Muitas multinacionais estão subcontratando aqui: Levi Strauss, Nike, Reebok. Muitas subcontratadoras pertencem a coreanos. Todas tendem a exercer uma administração brutal e pagar salários baixos. Nike e Levi estipulam um código de conduta como critério de investimento, mas, na realidade, sempre procuram obter o menor custo de produção. Alguns subcontratadores saem de Jakarta para cidades menores, onde os trabalhadores tem ainda menor capacidade de se articularem para melhorar suas condições de vida”.
Em O capital, Marx conta a estória de uma trabalhadora, Mary Anne Walkely, com vinte anos de idade, que muitas vezes trabalhava 30 horas sem parar (embora ressuscitada de vez em quando por xerez, porto ou café) até que, depois de um esforço particularmente duro requerido pela preparação de “vestidos maravilhosos para as senhoras nobres convidadas ao baile em honra ao novo Príncipe de Gales,” morreu, segundo o depoimento de um médico, “de longas horas de trabalho numa oficina superlotada e um quarto pequeno demais e mal ventilado”. Compare-se isso com a descrição contemporânea das condições de trabalho nas fábricas de Nike, no Vietnã:
“[O Sr. Nguyen] constatou que o tratamento dos operários pela administração da fábrica no Vietnã [normalmente cidadãos da Coréia ou Taiwan] é uma ‘fonte constante de humilhação’, que o abuso verbal e o assédio sexual acontecem com freqüência e que a ‘punição corporal’ também é freqüente. Ele descobriu que quantidades extremas de trabalho extraordinário são impostas aos trabalhadores vietnamitas. O Sr. Nguyen escreveu em seu relatório que ‘é comum’ que vários trabalhadores desmaiem de esgotamento, calor e má nutrição durante o turno. Fomos informados de que vários trabalhadores até tossiram sangue antes de desmaiar”.
As condições materiais que motivaram o ultraje moral no Manifesto não desapareceram. Estão personificadas em tudo, nos tênis Nike, nos produtos de Disney, nas roupas do GAP, nos produtos de Liz Claiborne. O contexto básico do Manifesto, portanto, não tem mudado radicalmente. O proletariado global é maior do que nunca. A necessidade de os trabalhadores se unirem é maior do que nunca.

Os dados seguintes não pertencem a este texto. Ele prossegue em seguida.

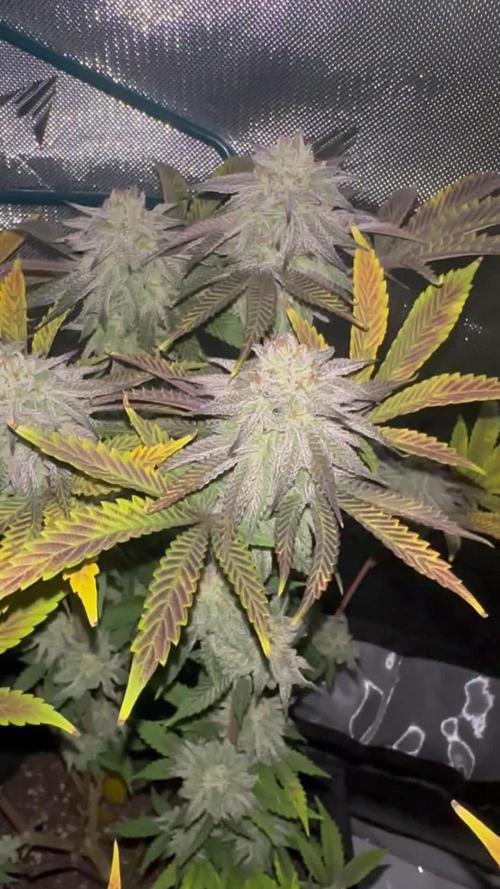 Dubble Cookies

Mas as barreiras à unidade são muito mais formidáveis do que eram no já complicado contexto Europeu de 1848. A força de trabalho é hoje muito mais espalhada geograficamente, culturalmente heterogênea, etnicamente e religiosamente diversificada, racialmente estratificada e linguisticamente fragmentada. Os modos de resistência ao capitalismo e a definição de alternativas são muito diferentes.
E, embora seja verdade que os meios de comunicação e as oportunidades de tradução tenham melhorado muito, isto tem pouco significado para o bilhão ou mais de trabalhadores que vivem com menos de um dólar por dia, possuindo histórias culturais, literaturas e compreensões muito diferenciadas (comparados aos banqueiros internacionais e às multinacionais, que sempre os usam). Diferenças (tanto geográficas como sociais) em salários e cláusulas sociais dentro da classe operária global também são maiores do que nunca. A brecha política e econômica entre os trabalhadores mais ricos na, por exemplo, Alemanha e Estados Unidos, e os trabalhadores mais pobres, na Indonésia e Mali, é muito maior do que a brecha entre a assim chamada aristocracia do trabalho européia e suas contrapartidas não qualificadas no século dezenove. Isto significa que certo segmento da classe operária (na maior parte, mas não exclusivamente, dos países capitalistas avançados e que, muitas vezes, possuem uma voz politicamente mais forte) tem muito a perder além dos seus grilhões. E, embora as mulheres sempre tenham sido um componente importante da força de trabalho nos primeiros anos do desenvolvimento capitalista, sua participação tem se generalizado, ao mesmo tempo em que se concentra em certas categorias ocupacionais (normalmente chamadas “não-qualificadas”), de modo a gerar questões agudas sobre a política operária que com grande freqüência foram varridas, no passado, para baixo do tapete. Junto a tudo isto as problemáticas da urbanização massiva, os transtornos ecológicos graves, os movimentos migratórios transnacionais e o terreno para a construção de uma alternativa socialista aparece tão diferenciado e desigual como complicado.
O movimento socialista precisa compreender estas transformações geográficas extraordinárias e desenvolver táticas para lidar com elas. Isto não dilui a importância da palavra de ordem final do Manifesto (união dos proletários). As condições que hoje enfrentamos fazem esse chamado mais imperativo do que nunca. Mas não podemos fazer nem nossa história nem nossa geografia sob condições histórico-geográficas de nossa própria escolha.
Uma leitura geográfica do Manifesto enfatiza a não-neutralidade das estruturas e poderes espaciais na complexa dinâmica espacial da luta de classes. Revela como a burguesia adquiriu seus poderes vis-à-vis de todos os modos precedentes de produção, mobilizando o comando sobre o espaço como uma força produtiva peculiar a ela mesma. Mostra como a burguesia tem aumentado e protegido continuamente seu poder através desse mesmo mecanismo. Portanto, até que a classe operária aprenda como enfrentar esse poder burguês de comandar e produzir espaço, sempre vai jogar em uma posição de fraqueza não de força. Do mesmo modo, até esse movimento compreender as condições e diversidades geográficas de sua própria existência, vai ser incapaz de definir, articular e lutar por uma alternativa socialista realística à dominação capitalista.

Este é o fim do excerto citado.